All of this is on the agenda for hammering out a state spending plan for the next fiscal year. Spending will be tempered by faltering revenues that have resulted from low energy prices and sales-related taxes.
Here is a look at some big issues coming up in the session:
The governor wants to increase introductory teacher salaries by $2,000 for the third straight year to boost recruitment, while lawmakers favor a smaller $1,000 bump for new teachers paired with cost-of-living adjustments for all school employees and veteran teachers.
Martinez also is seeking increased funding for performance pay for teachers and principals.
The debate over whether to hold back third graders unable to read at their grade level also will be rekindled. An end to the so-called social promotion policy has long been supported by the governor.

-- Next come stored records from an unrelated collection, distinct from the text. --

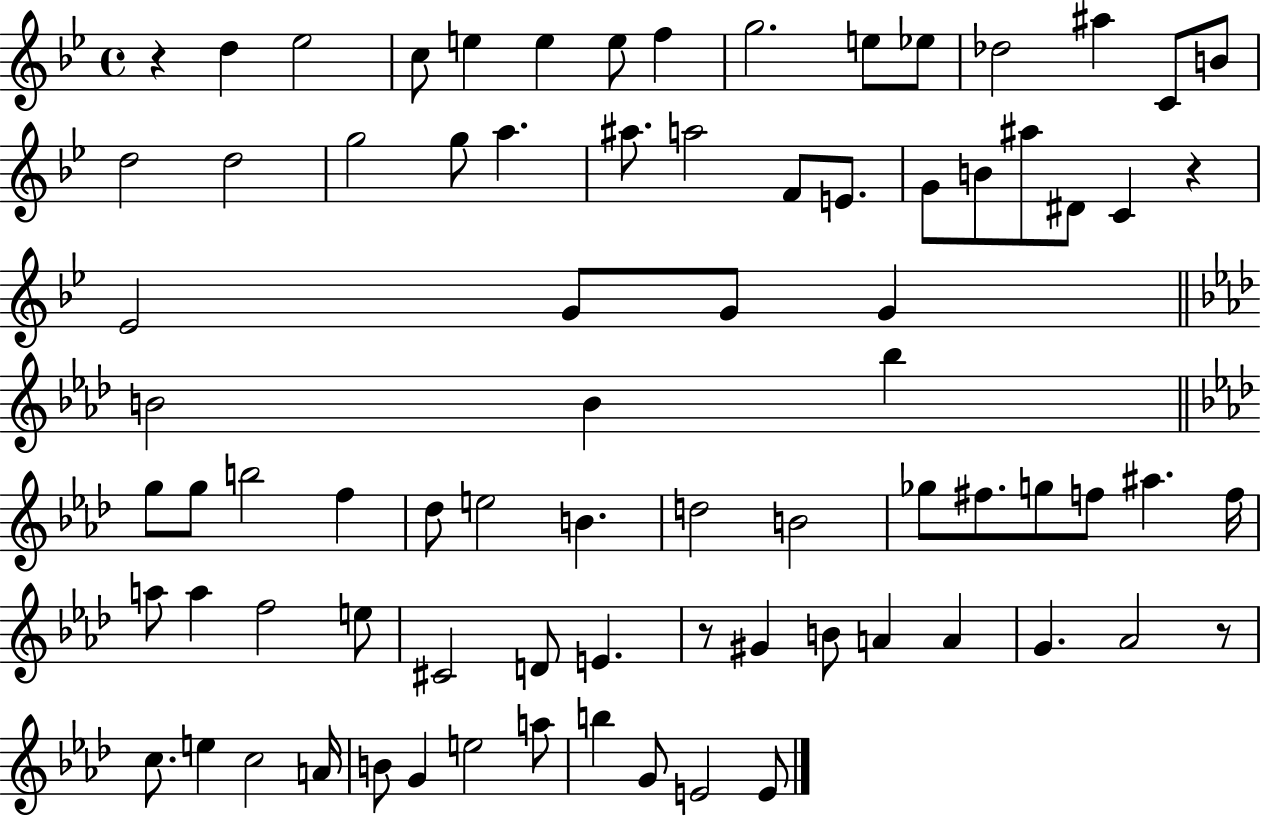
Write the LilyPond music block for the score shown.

{
  \clef treble
  \time 4/4
  \defaultTimeSignature
  \key bes \major
  r4 d''4 ees''2 | c''8 e''4 e''4 e''8 f''4 | g''2. e''8 ees''8 | des''2 ais''4 c'8 b'8 | \break d''2 d''2 | g''2 g''8 a''4. | ais''8. a''2 f'8 e'8. | g'8 b'8 ais''8 dis'8 c'4 r4 | \break ees'2 g'8 g'8 g'4 | \bar "||" \break \key aes \major b'2 b'4 bes''4 | \bar "||" \break \key f \minor g''8 g''8 b''2 f''4 | des''8 e''2 b'4. | d''2 b'2 | ges''8 fis''8. g''8 f''8 ais''4. f''16 | \break a''8 a''4 f''2 e''8 | cis'2 d'8 e'4. | r8 gis'4 b'8 a'4 a'4 | g'4. aes'2 r8 | \break c''8. e''4 c''2 a'16 | b'8 g'4 e''2 a''8 | b''4 g'8 e'2 e'8 | \bar "|."
}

The long list of criminal justice proposals includes harsher punishments for repeat DWI offenders, provisions for local governments to enact child curfews, and giving judges access to juvenile criminal records for deciding bail and sentencing.
Republican lawmakers also are pushing to expand the list of crimes that could be considered when sentencing someone as a habitual offender to a mandatory life sentence.
The governor wants to raise salaries collectively by $11 million for prison guards, probation and parole officers, forensic scientists, and child abuse caseworkers.
A bipartisan coalition of lawmakers is backing a constitutional amendment to overhaul New Mexico's bail system to give judges more authority to deny bail for dangerous defendants while allowing low-risk defendants to be released pending trial if they don't have the means to make bond.
The reforms — which are expected to reduce incarceration costs — have the backing of both prosecutors and civil liberties groups.
If passed by the Legislature, it would be up to voters to approve the changes in November.
ETHICS AND CAMPAIGN FINANCE
Martinez has indicated she will hear select proposals, including one requiring legislators to disclose outside sources of income to protect against conflicts of interest.
But the real push has been for the creation of a statewide ethics commission and reform of the state's campaign finance reporting system. Calls for reform were sparked last year by a scandal that brought down former Secretary of State Dianna Duran. The Republican ended up spending the holidays in jail after pleading guilty to misusing campaign funds to fuel a gambling spree.
Democrats also want to toughen a pension forfeiture law aimed at corrupt elected officials and require that donations funneled to winning candidates for inaugural celebrations be reported like any another campaign contributions.
Lawmakers are under pressure to meet federal identification standards now that U.S. officials are enforcing some provisions of the Real ID Act.
The act mandates proof of legal U.S. residency for those who want to use state IDs to access certain areas of federal facilities and, eventually, board commercial flights in January 2018. New Mexico has no such requirement and allows immigrants to get state driver's licenses regardless of legal status.
The House and Senate have at least two dueling proposals to consider.
The governor has recommended dedicating $10 million toward the state's job training incentive program and $10 million for grants to local infrastructure projects that help attract specific companies to New Mexico, among other initiatives.
Lawmakers also will weigh recommendations to increase funding to the "New Mexico True" tourism marketing campaign.